We accumulate so much stuff, stuff that we believe says something about who we are – stuff that we somehow mistaken for who and what we are. We accumulate so much stuff that our homes overflow with stuff, until we have to go beyond the home and rent storage spaces. That is, we have to store the excess amount of our self somewhere else, so that our self becomes fragmented, separated into different places. We become a problem to ourselves – or what we believe is what we are, what defines us: the clothes we wear, the house we live in, the cars we drive and so forth.
This, in all likelihood, is mostly a Western civilisation problem. It is a problem driven by our desire to be like everybody else – especially those who have more than we have. And it is becoming a worldwide problem, as our principal export is a lifestyle based on the accumulation of more and more stuff. The whole world desires to be just like us.
This is all driven by a belief that there is not enough stuff in this world, so we had better stockpile as much as possible for ourselves. This perceived scarcity of stuff leads to trade imbalances, the stealing of resources from other parts of the world, and eventually manifests itself in trade wars that can soon turn into outright warfare. So, then we need to accumulate more resources, more stuff, dedicated to the protection of what we already have. We end up demanding leaders who can assure us that our stuff will remain ours forever and ever.
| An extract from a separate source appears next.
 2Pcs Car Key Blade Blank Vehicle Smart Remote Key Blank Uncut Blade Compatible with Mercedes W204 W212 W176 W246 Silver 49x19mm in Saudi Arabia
Into such a world steps Jesus. Rome had conquered Israel and turned it into a client state, exporting all its goods to other parts of the empire, and charging outrageous taxes on those goods at the same time. It was a dangerous time to be a client of the God of Abraham, Isaac and Jacob. Rome demanded full loyalty.
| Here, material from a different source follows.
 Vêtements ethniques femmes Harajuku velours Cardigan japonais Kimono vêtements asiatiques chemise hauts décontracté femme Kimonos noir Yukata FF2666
So along comes Jesus. The Jesus in John is declared from the first verse of the fourth gospel as God – the Word, the logos – in the flesh. Indeed, this is the only way to make sense of someone who can take five barley loaves and a couple of fish and feed thousands of people with lots and lots of leftovers! Barley loaves, as opposed to wheat loaves, is the food of the poor. The lesson here is quite simple, and yet one that we refuse to accept: The need of the world is not too great for our resources if it is the Lord who directs the use of those resources. (NZ produces enough food for 40 million people but unable to feed own 4 million at reasonable cost for all)
A mighty big “if.”
Meanwhile, the people try to make him king. That would seem to be appealing. Look at how people in every conceivable human community clamour to become king. Right now, we are looking at two individuals who will marshal millions if not billions of dollars for the right to become or remain “king.” Look around the world where competing individuals and groups of individuals resort to violence to gain and maintain a position that reflects “kingship.”
Then look at Jesus. Nothing doing. As soon as there is a hint that the people might make him the next king, he sneaks off to be alone. Why, might we ask ourselves? It might have saved him having to go to Jerusalem only to be crucified, dead and buried. Why would he turn his back on what others count as the ultimate goal?
Here we may do well to recall that Jesus appears to have studied scripture pretty carefully. At every possible turn of events, he can marshal quotations from every corner of Hebrew scripture. So, no doubt at this juncture he very well may have the eighth chapter of the First Book of Samuel in mind. This is the episode when Israel demanded that the boy prophet Samuel appeal to God to give them a king – because, after all, they reasoned, all the surrounding countries have kings, so they should have one too.
This signalled a lack of trust in the God of the Exodus, who up to this pivotal moment, had raised up judges to pull the tribes together in times of great danger. When the danger passed, so did the judge, and people went back to life in their tribal clans with their diffuse political connections. But at the time of Samuel, with threats from surrounding kingdoms, the people demanded a king to unite them and make them strong. God tried to dissuade Samuel. Samuel tried to dissuade the people in chapter 8 of First Samuel, saying, in effect, “A king will take your sons and make them soldiers and send them to war; and take your daughters and make them his servants; he will take your fields and produce, and tax you on all of it; until you will wish you had never asked for a king, but by then it will be too late.”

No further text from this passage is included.